The Love Triangle

Love Triangle

The title might suggest the classic ménage a trois scenario, but is in fact a description of a simple model for how we fall in to and out of love.  It is a simple model that bundles all the complexities of relationships in a macroscopic approach that relates to the fundamental emotional reactions typically experienced in relationships.  It is too simple to solve every relationship crisis, but it can let us start to understanding what is wrong and take the first step to recovery.

The simplest model of the dyadic relationship has both parties make a decision that a threshold of intimacy has been passed based on a complex set of personal rules that starts the journey on the road to love.  That rule set can involve looks, pheromones, shared experiences and a multitude of other factors that may or may not be explicit.  However, the details of these factors are beyond our interest at present and what we need to examine is a slightly more sophisticated model that captures these rules in some simple fashion.

The next potential level of distinction is between the sexes; men and women.  It is important to note that this is as much about brain structure as phenotype and it is critical to recognise it as a generalisation with fuzzy edges than a hard and fast rule.  Think along the lines that it is dry in the desert, but that doesn’t mean it never rains.

Why draw the line by gender?  This is based on the typical (anecdotal) response when relationships hit a rocky patch.  Women complain that the romance has gone out of the relationship and men complain that the couple no longer have sex.  Although these might not be what you hear at first it is the two areas most couple say they want to improve to revive their relationship.
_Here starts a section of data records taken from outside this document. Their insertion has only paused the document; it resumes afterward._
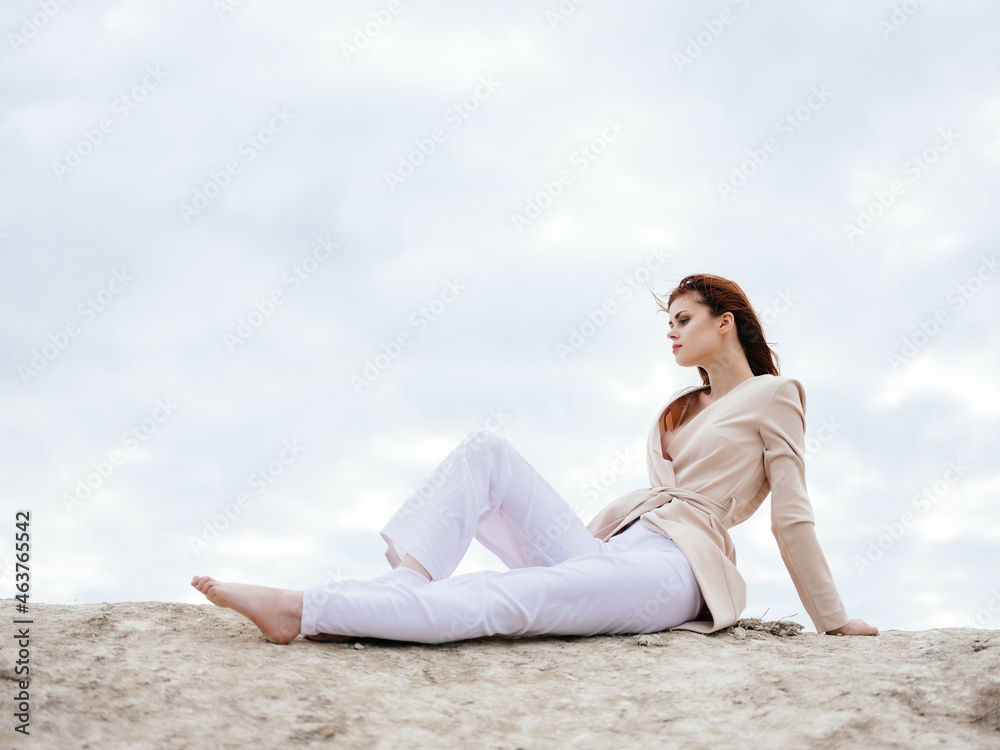 beautiful woman sitting on the sand model Travel
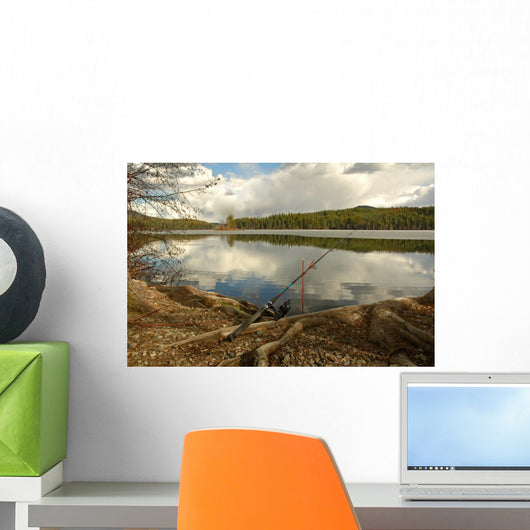 Fishing Rod Placed on the Ground near a  Lake Outdoors at a Recr Wall Mural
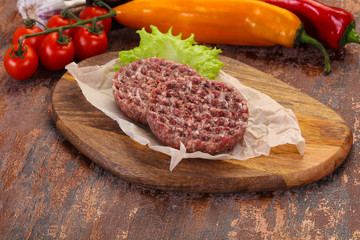 Raw burger cutlet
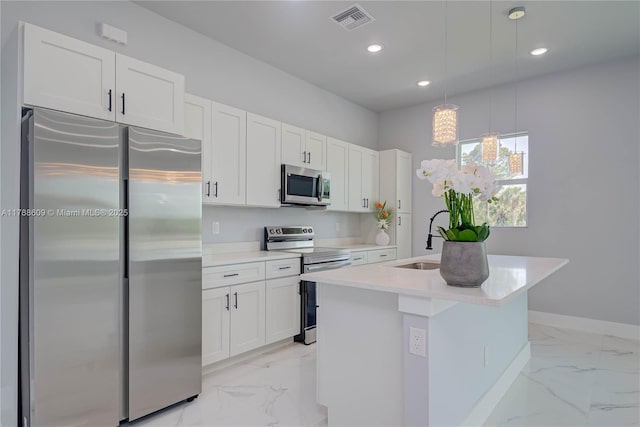 kitchen featuring marble finish floor, visible vents, a sink, a center island with sink, and appliances with stainless steel finishes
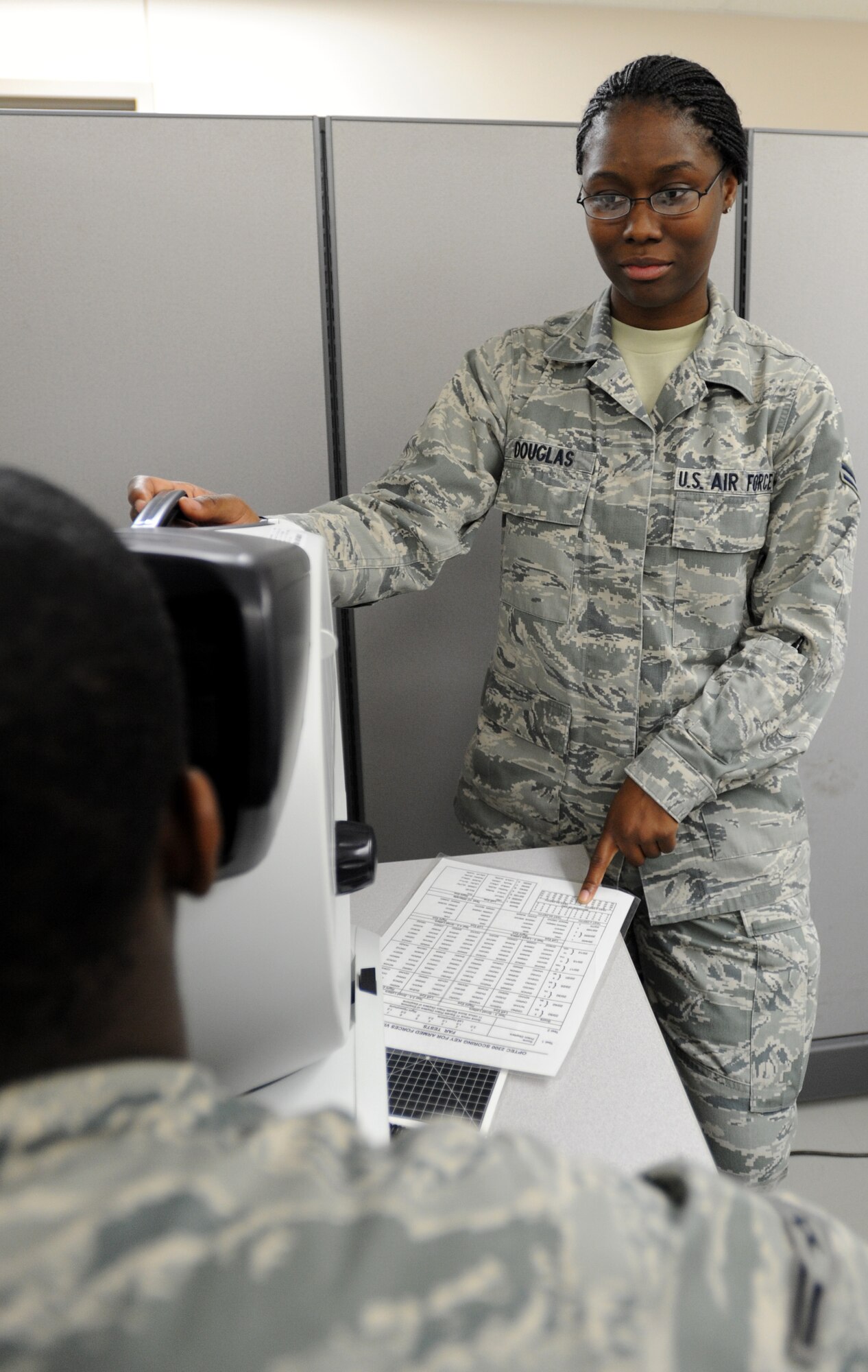 Airman 1st Class La'Gail Douglas, 22nd Aerospace Medicine Squadron services technician, administers an ocular vision test, to determine if an Airman needs glasses  April 17, 2012, McConnell Air Force Base, Kan. As a services technician, Douglas is responsible for ensuring Airmen are medically qualified to fly. Douglas was chosen as the 22nd AMDS spotlight performer for the week, April 16 to 20. (U.S. Air Force photo/ Airman 1st Class Laura L. Valentine)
love triangleAlthough reference is usually made to sex, and we will continue to use it here as a summary word, although most people mean that the physical intimacy has gone from the relationship; including hugging, kissing and even holding hands.  Sex becomes the cutting edge of that physical intimacy, as normally it is unique and exclusive to a couple.

If we think of romance and sex as two forms of intimacy we can see how the triangle develops (see figure below).  When given the intimacy we crave then we feel secure, the crux of being loved, then we typically offer the other form of intimacy to our partner.  The potential problem this introduces is that there are two directions to pass around the triangle.

As we mentioned before women tend to look for romance as the primary form of intimacy and men tend to look for physical intimacy; especially sex, as the primary form intimacy. Thus, we see that women would receive romance and thus feel secure thus offering physical intimacy to their partner, following the path of the pink arrows around the figure. For men the start point is the physical and they follow the path of the blue arrows.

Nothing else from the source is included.